Service Mesh Egress Gateway Patterns: Bounded Outbound Traffic in Istio Clusters
Problem
Outbound traffic from a Kubernetes cluster is a tangled topic. By default Istio’s sidecar proxies forward outbound calls directly through the workload Pod’s network — egress is whatever the Pod can reach via the cluster’s CNI / network policy.
Three problems compound:
- Per-Pod egress decisions mean operators can’t centrally answer “where can production cluster talk to” without enumerating every NetworkPolicy + ServiceEntry.
- TLS origination at the Pod means each app is responsible for proper certificate handling for outbound HTTPS to third parties.
- Audit per Pod is partial — Istio’s per-Pod telemetry shows the Pod made an outbound call, but cross-Pod patterns (multiple Pods to the same destination) are reconstructed by query, not seen at a single point.
Egress gateways consolidate these. All outbound traffic from the mesh routes through a designated set of egressgateway Pods. Those Pods do the TLS origination, apply egress-specific policy, log the egress at one point, and become the central observability surface.
By 2026 the pattern is mature in Istio (since 1.x), Linkerd 2.x (with the egress-gateway beta), and Kuma. Enterprise deployments often deploy egress gateways for compliance — every external API call is auditable, attributable, and rate-limitable from one place.
The specific gaps in default Istio without egress gateway:
- Each Pod’s sidecar handles its own outbound TLS; certificate trust roots configured per-Pod or cluster-wide.
- NetworkPolicy is per-namespace; no central record of approved external destinations.
- Outbound DNS goes through the cluster’s resolver; egress depends on what that resolver answers.
- Enterprise compliance (PCI-DSS, HIPAA) often requires “all egress observable from a single point” — each Pod’s egress doesn’t satisfy.

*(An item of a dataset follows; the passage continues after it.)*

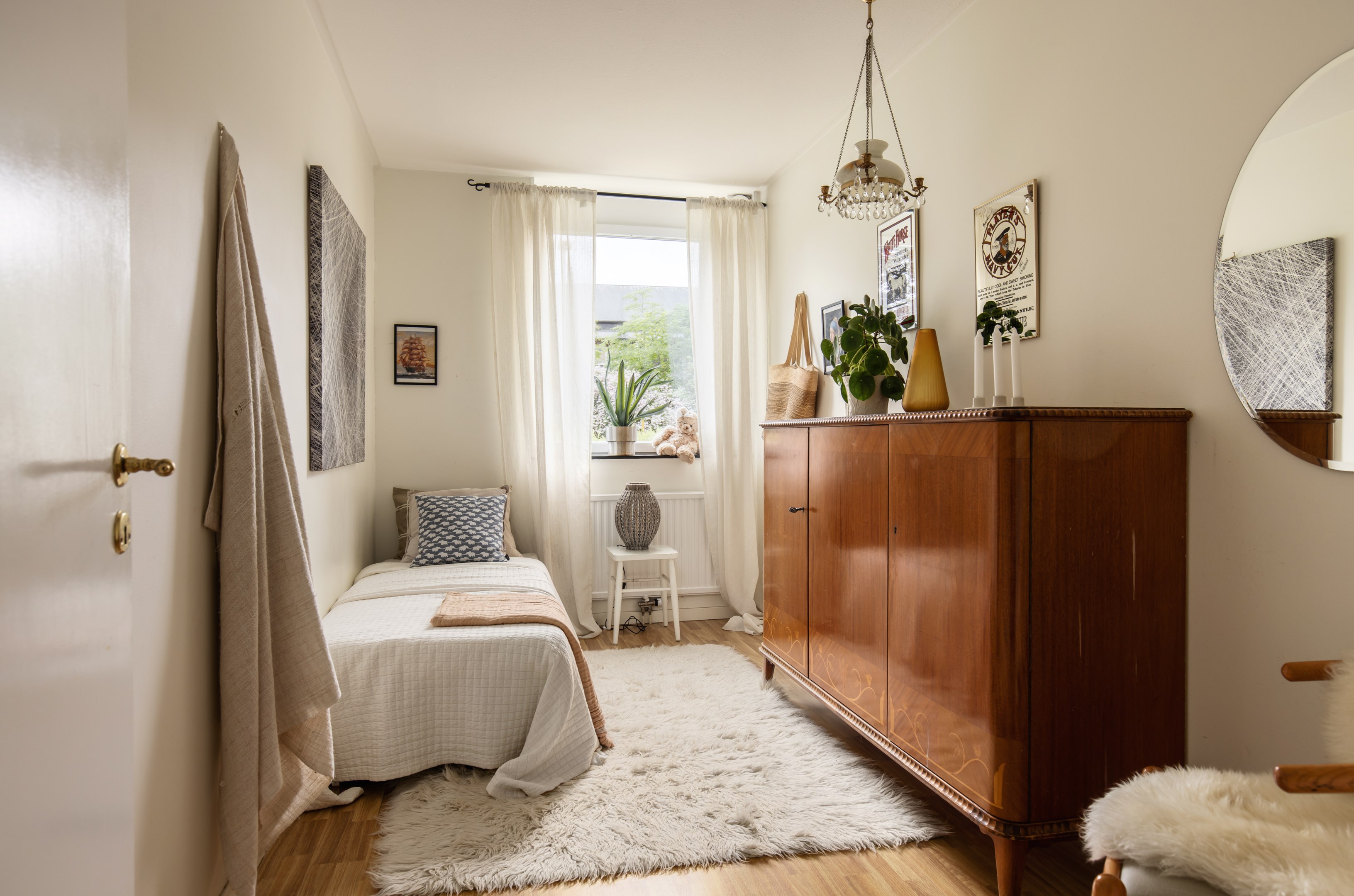 Bostadsbild från Henriksdalsringen 31, Såld i Henriksdalsberget, Nacka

- Failure mode: a compromised Pod’s sidecar doesn’t restrict where it can reach; the Pod’s own egress path is the only enforcement.
This article covers the egress-gateway architecture, ServiceEntry + Sidecar configuration, traffic-routing patterns, TLS origination, mTLS to the gateway, and the audit/policy benefits. Examples are Istio-specific; Linkerd / Kuma have analogous concepts.
Target systems: Istio 1.22+, Kubernetes 1.28+, with optional egress-gateway Pod replicas. Concepts apply to other meshes; vendor-specific syntax differs.
Threat Model
- Adversary 1 — Compromised application Pod: an attacker has code execution in a workload Pod. Wants to exfiltrate data or pivot to external services beyond the workload’s intended reach.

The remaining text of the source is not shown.